Biya está a tentar um novo mandato de sete anos nas eleições presidenciais
O presidente dos Camarões, Paul Biya, de 92 anos, que há quase 43 anos exerce um controlo férreo sobre a nação centro-africana, lançou uma candidatura à reeleição que poderá mantê-lo no poder até quase ao seu 100.º aniversário.
“Ainda há muito a fazer”, disse Biya, que está no crepúsculo do seu sétimo mandato. “O melhor ainda está para vir”, acrescentou o líder camaronês numa declaração no domingo.
Je suis candidat à l’élection présidentielle du 12 octobre 2025.
— President Paul BIYA (@PR_Paul_BIYA) July 13, 2025
Soyez assurés que ma détermination à vous servir est à la mesure de l’acuité des défis auxquels nous sommes confrontés.
Ensemble, il n’est pas de défis que nous ne puissions surmonter.#Biya2025#PaulBiya#Cameroun pic.twitter.com/iPbvX566Ei
Biya está a tentar um novo mandato de sete anos nas eleições presidenciais previstas para outubro, apesar das notícias de que a sua saúde se deteriorou. Biya declarou que a sua decisão de prolongar o seu mandato se baseia “nos apelos urgentes provenientes das 10 regiões do nosso país e da diáspora”.
O anúncio foi feito meses depois de o seu gabinete ter afastado as especulações de que estaria doente ou de que teria morrido, após uma longa ausência dos olhos do público.
As discussões sobre a sua saúde foram posteriormente proibidas nos meios de comunicação social, tendo o Ministério do Interior dos Camarões declarado que se tratava de uma questão de segurança nacional.
Durante anos, os rumores sobre a saúde e o paradeiro de Biya foram os principais pontos de discussão nos Camarões, onde raramente é visto em público. No entanto, tem mantido um forte controlo sobre a nação, obtendo múltiplas vitórias em reeleições - algumas delas por esmagadora maioria.
Biya chegou ao poder em 1982 e manteve-se no cargo durante mais de quatro décadas, tornando-se um dos chefes de Estado mais antigos do mundo, excluindo os monarcas. É apenas o segundo presidente a liderar os Camarões desde que este país se tornou independente da França e do Reino Unido no início da década de 60.
A possibilidade de Biya tentar um oitavo mandato foi posta em causa, mas muitos líderes locais exortaram o presidente a procurar um novo mandato. No entanto, alguns dos seus aliados abandonaram o seu governo e lançaram as suas candidaturas presidenciais.
Derrotar Biya nas urnas pode não ser fácil para os seus adversários, segundo o analista político Collins Molua Ikome, que vive na Alemanha.
Ikome disse à CNN Internacional que a oposição dos Camarões, que inclui mais de 300 partidos políticos, está demasiado fragmentada para desalojar o partido de Biya, o Movimento Democrático Popular dos Camarões (CPDM), no poder, nas eleições de outubro.
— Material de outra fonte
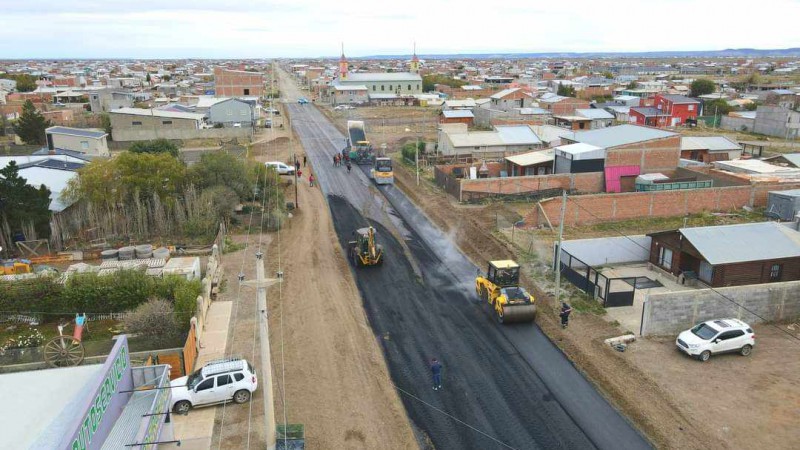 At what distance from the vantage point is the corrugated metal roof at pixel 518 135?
48812 millimetres

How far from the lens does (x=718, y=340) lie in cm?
1814

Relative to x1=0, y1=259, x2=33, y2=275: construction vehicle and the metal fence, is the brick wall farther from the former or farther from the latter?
x1=0, y1=259, x2=33, y2=275: construction vehicle

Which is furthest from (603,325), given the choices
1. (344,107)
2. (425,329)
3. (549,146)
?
(344,107)

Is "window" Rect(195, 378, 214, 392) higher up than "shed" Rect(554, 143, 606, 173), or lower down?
lower down

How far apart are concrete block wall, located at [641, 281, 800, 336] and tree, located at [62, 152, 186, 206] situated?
79.5 ft

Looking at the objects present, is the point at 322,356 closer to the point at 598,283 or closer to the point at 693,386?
the point at 693,386

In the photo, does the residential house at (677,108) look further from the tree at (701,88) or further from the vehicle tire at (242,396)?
the vehicle tire at (242,396)

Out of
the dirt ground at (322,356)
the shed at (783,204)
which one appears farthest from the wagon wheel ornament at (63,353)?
the shed at (783,204)

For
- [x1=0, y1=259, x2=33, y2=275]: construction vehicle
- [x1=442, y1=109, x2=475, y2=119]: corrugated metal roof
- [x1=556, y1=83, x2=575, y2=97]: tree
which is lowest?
[x1=0, y1=259, x2=33, y2=275]: construction vehicle

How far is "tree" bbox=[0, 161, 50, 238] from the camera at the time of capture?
90.0ft

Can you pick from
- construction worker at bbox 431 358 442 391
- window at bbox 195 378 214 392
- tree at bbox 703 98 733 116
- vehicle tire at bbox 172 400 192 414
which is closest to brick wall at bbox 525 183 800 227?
construction worker at bbox 431 358 442 391

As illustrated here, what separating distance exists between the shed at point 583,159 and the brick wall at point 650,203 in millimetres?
7072

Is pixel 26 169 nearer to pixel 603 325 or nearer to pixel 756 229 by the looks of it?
pixel 603 325

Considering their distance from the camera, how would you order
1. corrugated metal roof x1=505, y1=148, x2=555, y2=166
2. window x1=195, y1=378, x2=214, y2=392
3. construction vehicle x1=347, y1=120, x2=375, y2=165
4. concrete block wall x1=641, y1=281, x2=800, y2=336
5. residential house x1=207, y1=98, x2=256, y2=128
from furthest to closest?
1. residential house x1=207, y1=98, x2=256, y2=128
2. construction vehicle x1=347, y1=120, x2=375, y2=165
3. corrugated metal roof x1=505, y1=148, x2=555, y2=166
4. concrete block wall x1=641, y1=281, x2=800, y2=336
5. window x1=195, y1=378, x2=214, y2=392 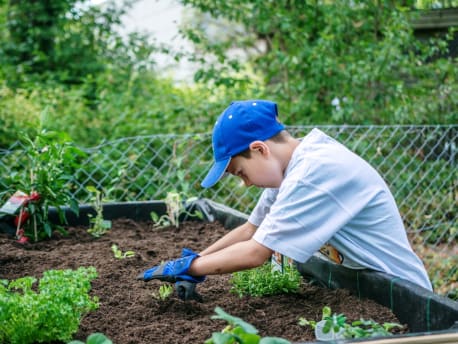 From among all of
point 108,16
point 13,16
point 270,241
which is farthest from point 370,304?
point 13,16

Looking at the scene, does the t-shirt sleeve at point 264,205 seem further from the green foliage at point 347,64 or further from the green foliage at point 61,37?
the green foliage at point 61,37

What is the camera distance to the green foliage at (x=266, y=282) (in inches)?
93.1

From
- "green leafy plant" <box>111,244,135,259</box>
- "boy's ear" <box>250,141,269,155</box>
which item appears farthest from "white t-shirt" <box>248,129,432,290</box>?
"green leafy plant" <box>111,244,135,259</box>

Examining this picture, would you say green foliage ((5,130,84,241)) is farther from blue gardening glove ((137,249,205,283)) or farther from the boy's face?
the boy's face

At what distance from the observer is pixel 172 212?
3861 millimetres

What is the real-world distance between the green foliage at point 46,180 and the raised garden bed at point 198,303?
0.66 feet

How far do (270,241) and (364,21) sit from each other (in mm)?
4006

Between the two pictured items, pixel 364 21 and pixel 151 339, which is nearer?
pixel 151 339

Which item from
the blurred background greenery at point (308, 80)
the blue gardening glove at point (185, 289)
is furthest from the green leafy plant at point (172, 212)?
the blue gardening glove at point (185, 289)

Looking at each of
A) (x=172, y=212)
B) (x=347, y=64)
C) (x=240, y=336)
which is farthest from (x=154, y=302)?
(x=347, y=64)

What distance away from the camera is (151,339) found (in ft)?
6.21

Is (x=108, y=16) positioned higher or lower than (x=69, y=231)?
higher

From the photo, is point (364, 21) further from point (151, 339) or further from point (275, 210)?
point (151, 339)

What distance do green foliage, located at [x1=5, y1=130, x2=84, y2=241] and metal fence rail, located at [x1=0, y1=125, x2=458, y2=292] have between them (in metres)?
1.10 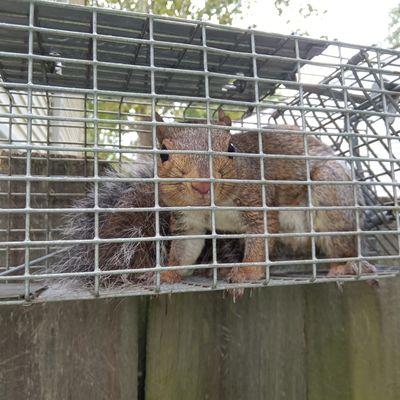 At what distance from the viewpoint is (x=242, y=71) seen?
7.26 ft

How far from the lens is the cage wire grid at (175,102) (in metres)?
1.30

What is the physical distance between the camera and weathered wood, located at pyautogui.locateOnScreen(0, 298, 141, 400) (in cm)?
131

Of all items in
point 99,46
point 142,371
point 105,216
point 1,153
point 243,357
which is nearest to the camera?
point 142,371

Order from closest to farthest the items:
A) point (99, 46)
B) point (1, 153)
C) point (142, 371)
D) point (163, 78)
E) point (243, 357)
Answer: point (142, 371), point (243, 357), point (99, 46), point (163, 78), point (1, 153)

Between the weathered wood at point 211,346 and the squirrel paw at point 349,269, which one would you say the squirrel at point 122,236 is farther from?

Só uma coligação, disse ele, poderia constituir uma ameaça para o presidente.
"Eles (a oposição) não têm qualquer hipótese como candidatos individuais. Se formarem uma coligação de transição, talvez tenham hipóteses", afirmou.
Em março do ano passado, os planos de dois partidos da oposição para criar uma coligação foram considerados ilegais pelo Ministério do Interior do país, uma medida descrita pela Human Rights Watch como “parte de uma repressão governamental contra a oposição e a dissidência”.
O longo governo de Biya foi marcado por acusações generalizadas de violações dos direitos humanos, que incluíram “execuções extrajudiciais, prisões arbitrárias, detenções ilegais, tortura... julgamentos injustos e perseguição e prisão de pessoas pela sua orientação sexual e identidade de género, real ou aparente”, segundo o grupo de defesa dos direitos humanos Amnistia Internacional.